Kılıçdaroğlu, “CHP’liler bağırırlar, çağırırlar biz de üzerilerine polisi salarız” dediler ama bunları yapmadık. Sağ duyulu hareket ettik. Niçin? Hakeme gidiyoruz. Niçin? Hakem millet. AK Parti’ye, onun hâkimlerine, bürokratlarına, valilerine güvenmiyorum ama 16 milyon İstanbulluya sonuna kadar güveniyoruz dedik. Ve güvendik. Çünkü biz bir Adalet Yürüyüşü yapmıştık. Adaletten, haktan, hukuktan bahsettik. Haktan, hukuktan bahsedenler sokağa çıkıp camı çerçeveyi kırmazlar.” diye konuştu.
Kılıçdaroğlu, “Mizah havasında olan pek çok söylemi hep birlikte bir şekilde dillendirdiler. Sonunda sandığa gittik 800 bini aşkın oyla İBB başkanı oldu. Ne dedik? Bu milletin ferasetine güveniyoruz dedik. Bir hakkın teslim edilen bir hakkın bir kişini eliyle kapalı kapılar ardından nasıl alındığını 80 milyon biliyor. Sadece 80 milyon da değil tüm dünya biliyor. Seçimler hangi şartlarda yapıldı? Her türlü iftira yapıldı. Pontus’tan tutun diplomaya kadar. Bir iktidar partisinin ve onun destekçilerinin, artık cumhurbaşkanının, doğrudan İmamoğlu’nu hedef alarak orantısız bir şekilde bütün güçleriyle bir propaganda yaptılar. Onların güçleri var ama bizim de Allahımız var.” dedi.

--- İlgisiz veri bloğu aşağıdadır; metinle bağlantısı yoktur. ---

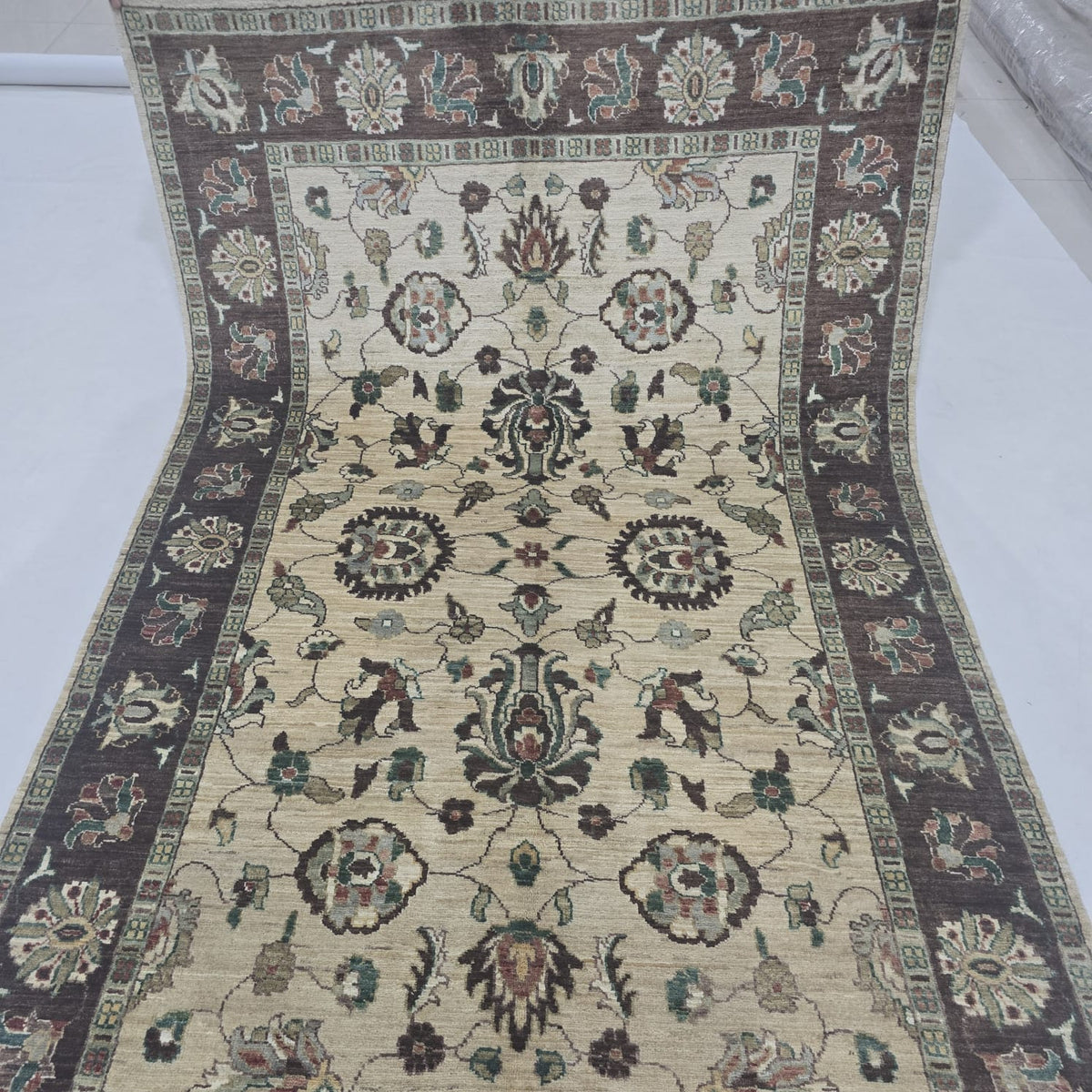 5x8 Beige  Chobi Handmade Cotton & Wool Rug | Premium Luxury Area Rug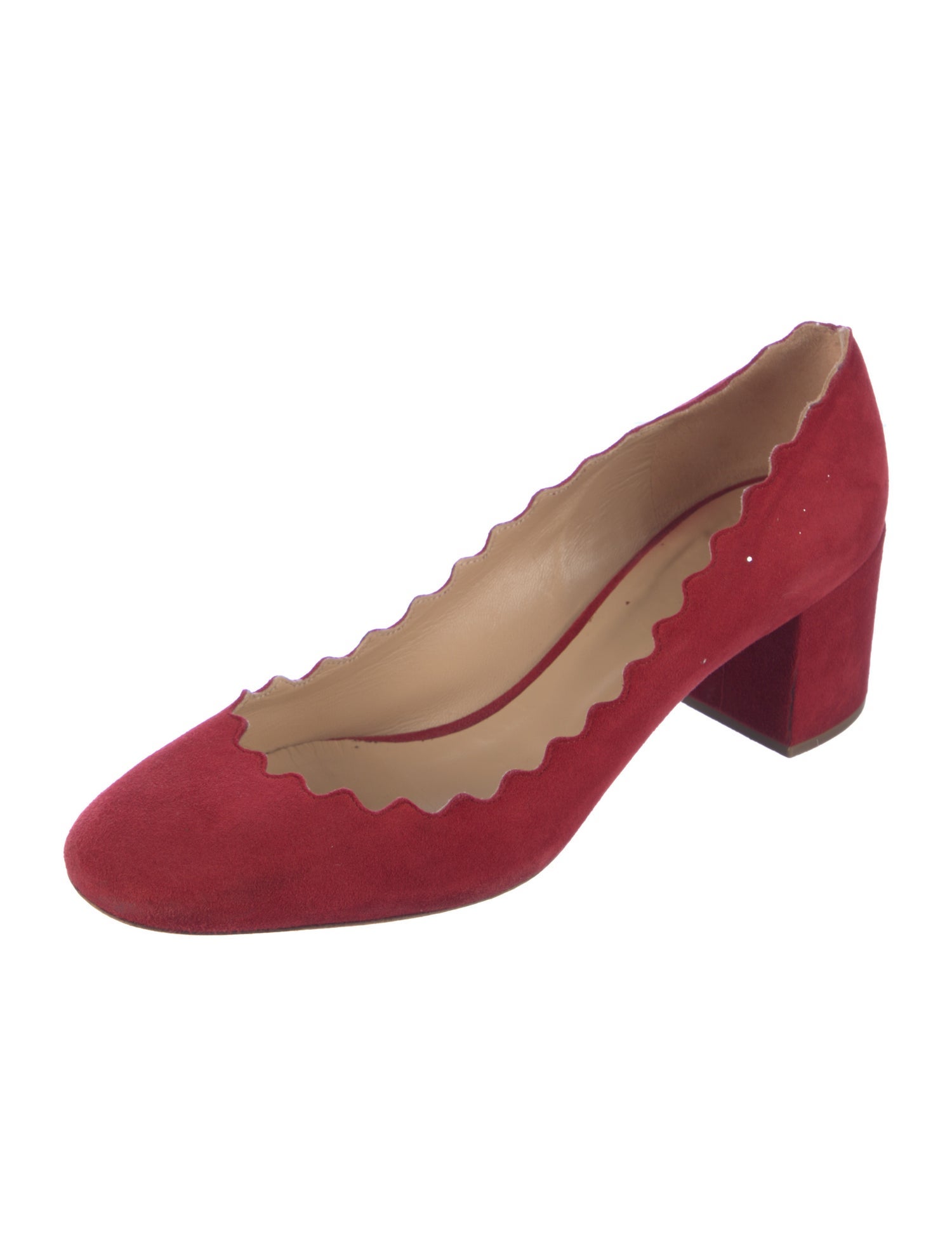 Chloé Suede Scalloped Accent Pumps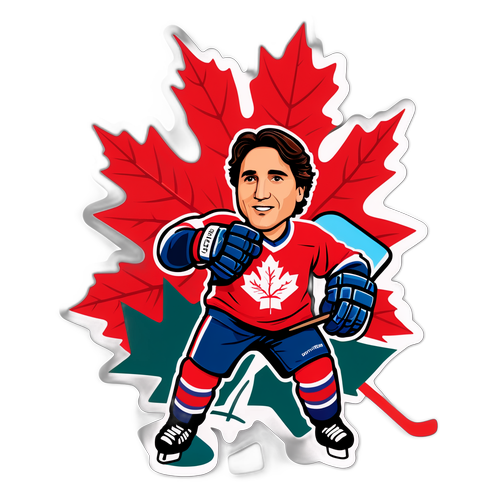 Klistermerke med Justin Trudeaus silhuett mot et lønneblad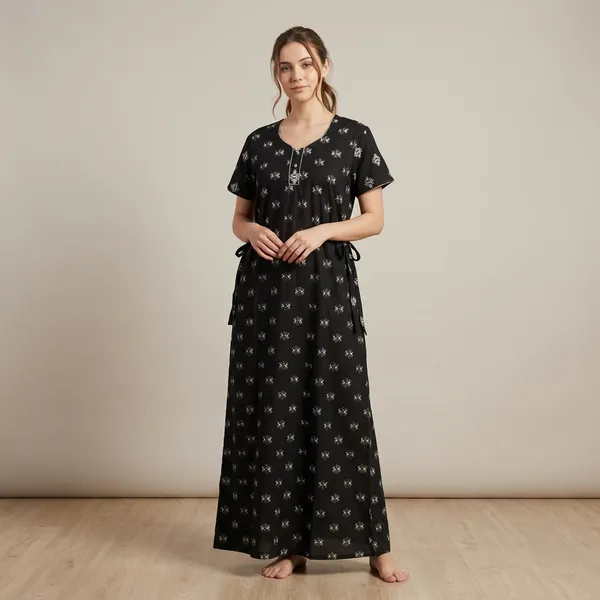 Black_Cotton_Night_Dress_For_Women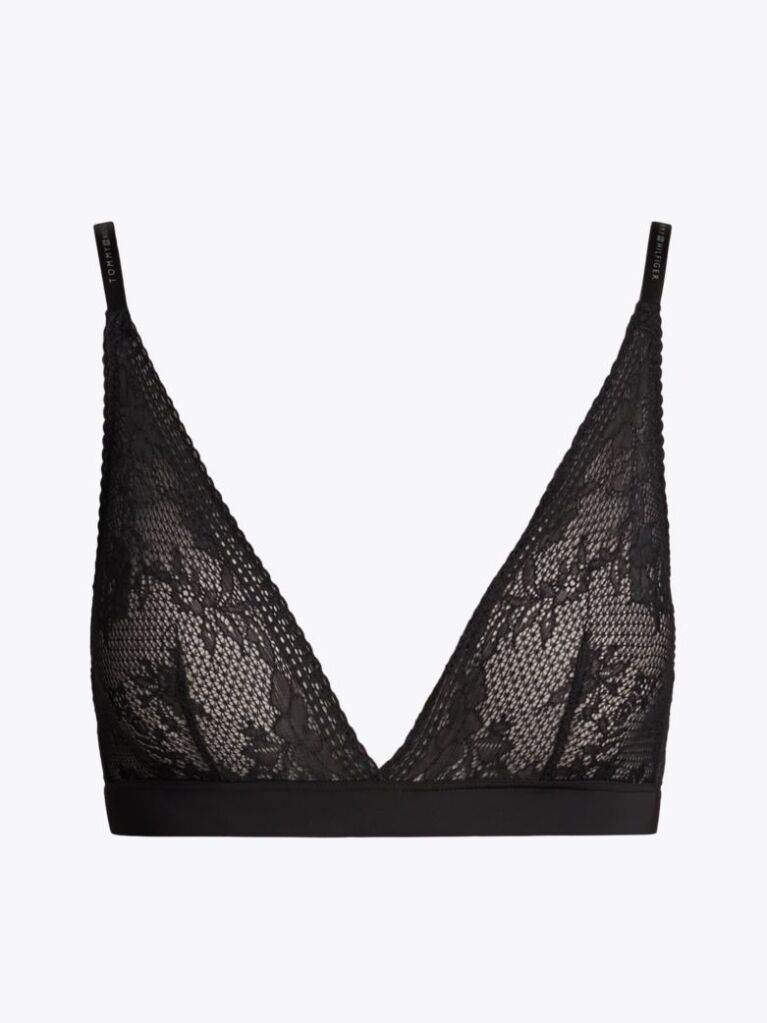 Black Unlined Lace Triangle Bra  Women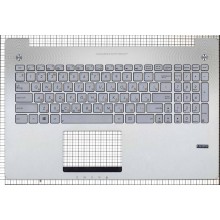 Клавиатура в сборе с панелью для ноутбука Asus N550/N550JA/N550JK/N550JV/N550LF/G550JK серебристая топ-панель арт.:90NB00K1-R32UK0-SP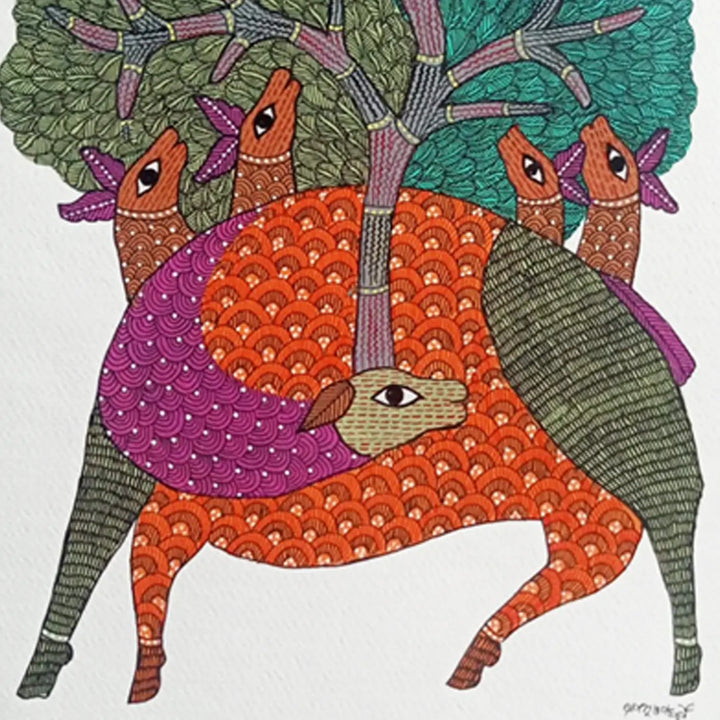 11 x 16 Inch | Deer & Tree of Life | Original Hand Painted Tribal Gond Art Painting | Acrylic Paint On Paper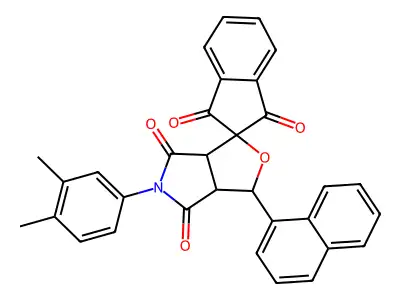 5-(3,4-dimethylphenyl)-3-(naphthalen-1-yl)-3a,6a-dihydrospiro[furo[3,4-c]pyrrole-1,2'-indene]-1',3',4,6(3H,5H)-tetrone structure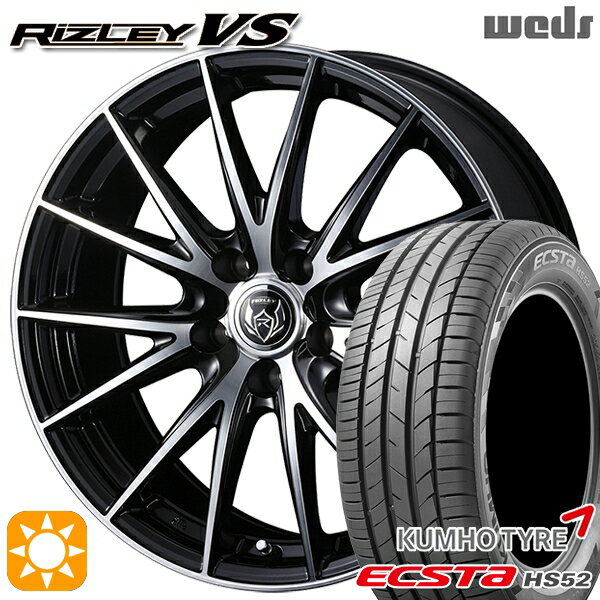 【取付対象】リーフ ノア 205/55R16 91V クムホ エクスタ HS52 Weds ライツレーVS ブラックメタリックポリッシュ 16インチ 6.5J 5H114.3 サマータイヤホイールセット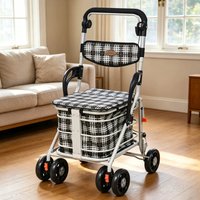 Senior Mobility Shopping Trolley, Foldable Rollator with Seat, 4 Wheel Lightweight Hand Cart, PP PVC Reinforced Grocery Wagon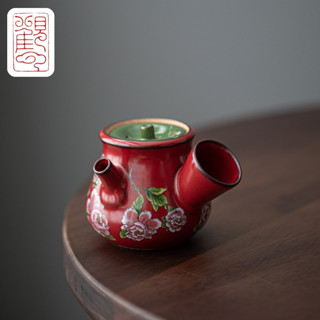 [กวนหยุน] ดอกโบตั๋นจับด้านข้างหม้อกาน้ําชาครัวเรือนที่ทําด้ว…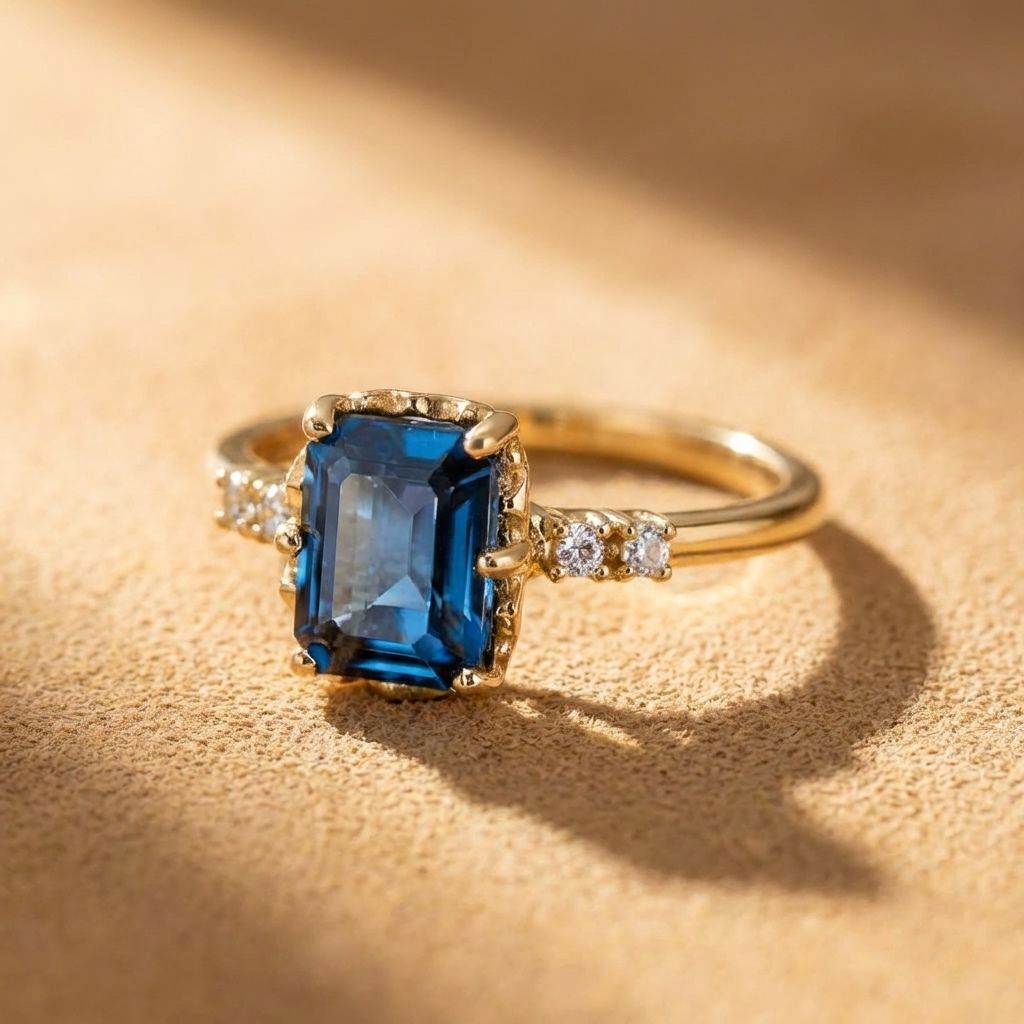 Blue Crystal Gold Ring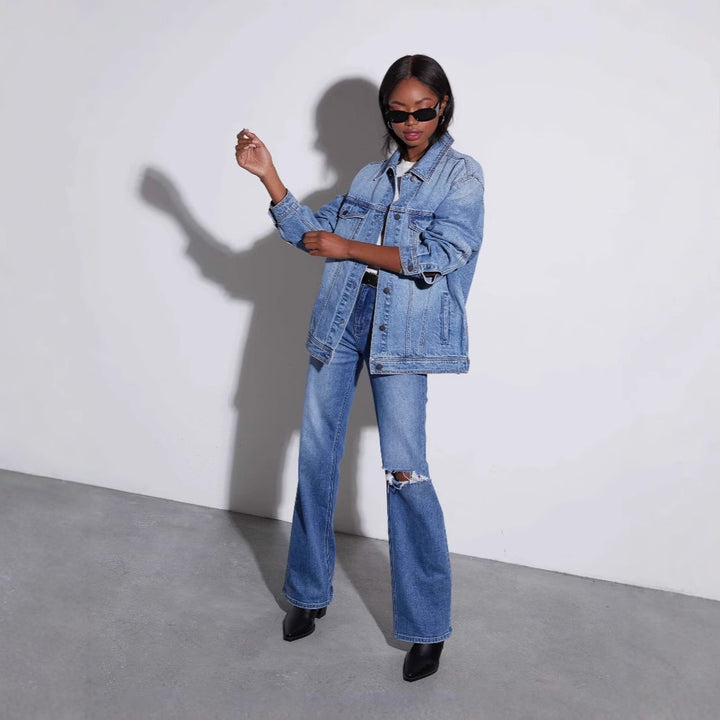 Chic & Stil Oversized Denim Jacket for Women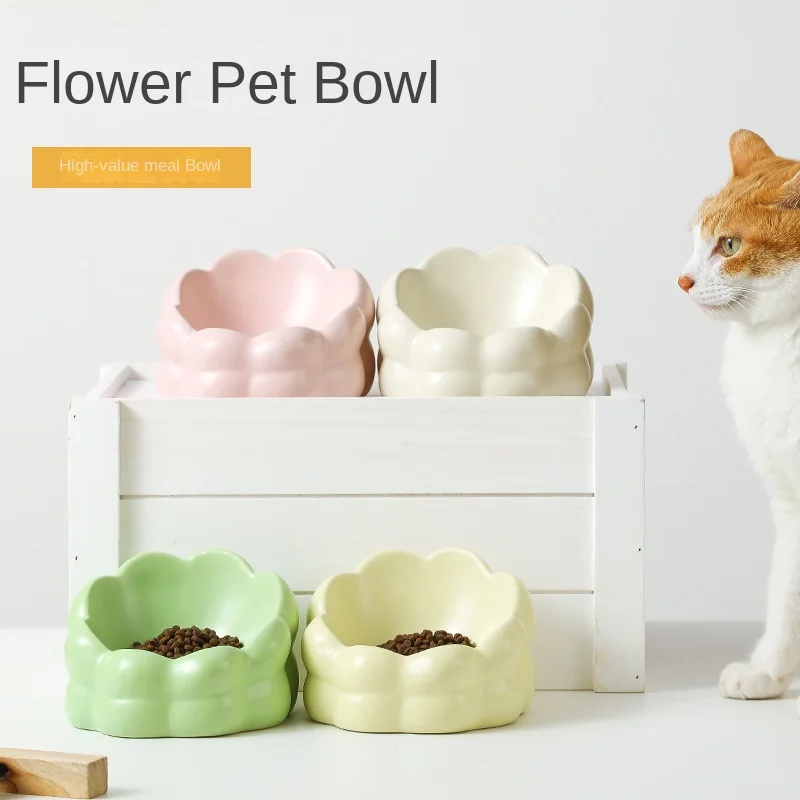 

Pet Oblique Ceramic Bowl Large Diameter Mutual Neck Anti-Knock Cat Feeding Water Feeding Bowl Supplies Dog Accessories Wholesale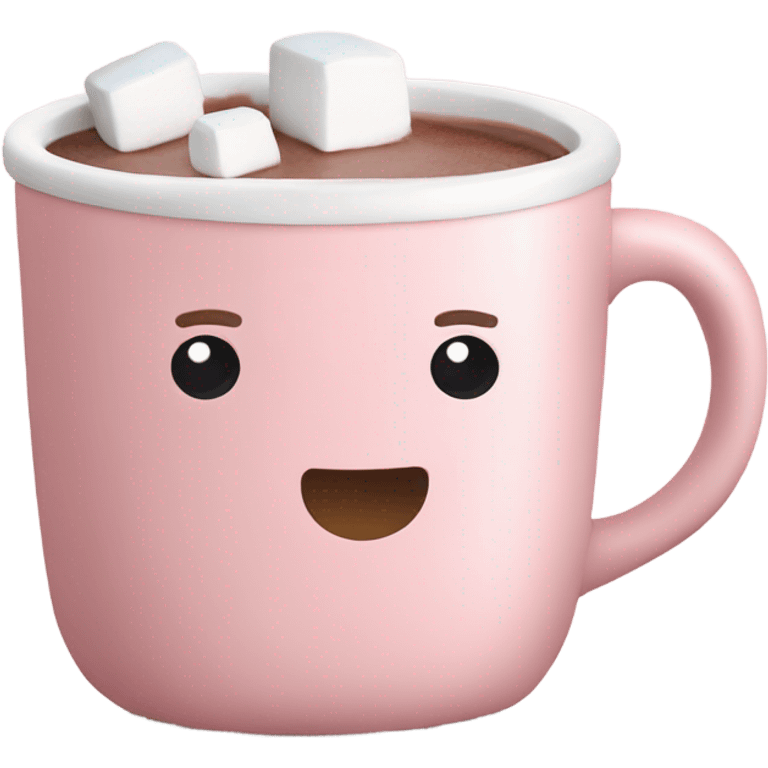 Light Pink mug of hot chocolate with marshmallows  emoji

Erdoğan, ‘Sisi’ye mi, İmamoğlu’na mı oy verdiniz’ sözlerine tepki gösteren Kılıçdaroğlu, cumhurbaşkanının tarafsız olması gerektiğini, cumhurbaşkanının devletin sigortası olduğunu söyledi. Kılıçdaroğlu, şu anda böyle bir ortamın olmadığının altını çizdi.